Tuesday, April 13, 2010

Trying to make sense out of organic, fair trade, local, and environmental purchases

If you’re anything like me, you tend to find yourself in knots over the conflicting information out there about shopping green…

I mean, various reports tell me that if I have to buy non-organic fruits and veggies, I should go for non-organic bananas and organic apples because bananas contain fewer pesticides than apples. But anyone who knows anything about banana production knows that buying non-organic bananas is a death sentence for the plantation workers. Besides, Quebec has a booming apple industry and given the facts that the 100 mile diet  is the most sustainable and that I’m supposed to support local agriculture, shouldn’t I buy the Quebec apples instead of the organic American ones? And what about the fact that non-organic produce sometimes tastes better but often there is no noticeable difference? Ack! Too many questions.

I know, I know: local, organic, and fair trade is best!

But what about green-washing?

Oy Vey, I’m exhausted already!

And don’t forget make-up:

I buy Lavera, Dr Hauschka, and Weleda skin/cosmetic products. According to SkinDeep these choices, albeit from organic, sustainable companies, are still fairly toxic. This caused me a certain amount of consternation… I mean, was the answer really to go back to back to companies like Neutrogena, with its low toxicity score (Neutrogena doesn’t test its final product on animals but says nothing about base ingredients or paid research by other companies) but is a member of the less that consumer friendly/ethical Johnson and Johnson corporation, which tests on animals and has a bad track record?

Here’s the thing that I’m trying to get at… every choice you make has a counter choice and effect. At the end of the day, the exhausting process of researching your purchases can be overwhelming so we need to find a happy medium.

So while the make-up I buy doesn’t have a perfect score, it uses sustainable business practices and certified organic ingredients. And the bananas are organic as often as possible and the apples are always local (preferably organic too but not always). And peaches, well from now on in I will no longer buy peaches that aren’t organic for the sheer fact that non-organic peaches SUCK!


  1. Movin' to the country, gonna eat me a lot of peaches...

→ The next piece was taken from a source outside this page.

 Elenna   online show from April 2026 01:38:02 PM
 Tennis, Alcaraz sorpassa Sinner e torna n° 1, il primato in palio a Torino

  2. Thank you for this authentic, thoughtful post. Our every day choices do matter, so it's important to consider them. I work at Weleda and wanted to respond to your concerns about our EWG rankings. The EWG has taken great strides to inform consumers of their products’ safety, but notable data gaps do, however, exist. While the EWG’s information is pooled from 37 other scientific databases, there is a great deal of ingredient information not yet included in their database. This information is often missing because it is not publicly available and/or it has not been evaluated in an official, scientific research study. Botanicals and plant components like those Weleda uses are among those core databases that are presently missing—in great part—from the database. As a result, some of the ingredients in Weleda’s products are noted as being potentially harmful or of concern, even though Weleda is one of the safest skin care lines available in the market, setting standards far beyond all European guidelines and regulations. The same problems exist for products from Dr. Hauschka and Lavera, which are also very safe and pure lines. For more info on some of the gaps in the database, check out this guide to the Skin Deep database from Terri Bly. It is very helpful: http://feelgoodstyle.com/2010/03/16/terri-blys-guide-to-the-skin-deep-database/
    Thank you for again for your thoughtful post and your wonderful blog!

  3. Carrie,

    Thanks for the heads up about Terri Bly article. Between your answer and her article, you've addressed many of my concerns.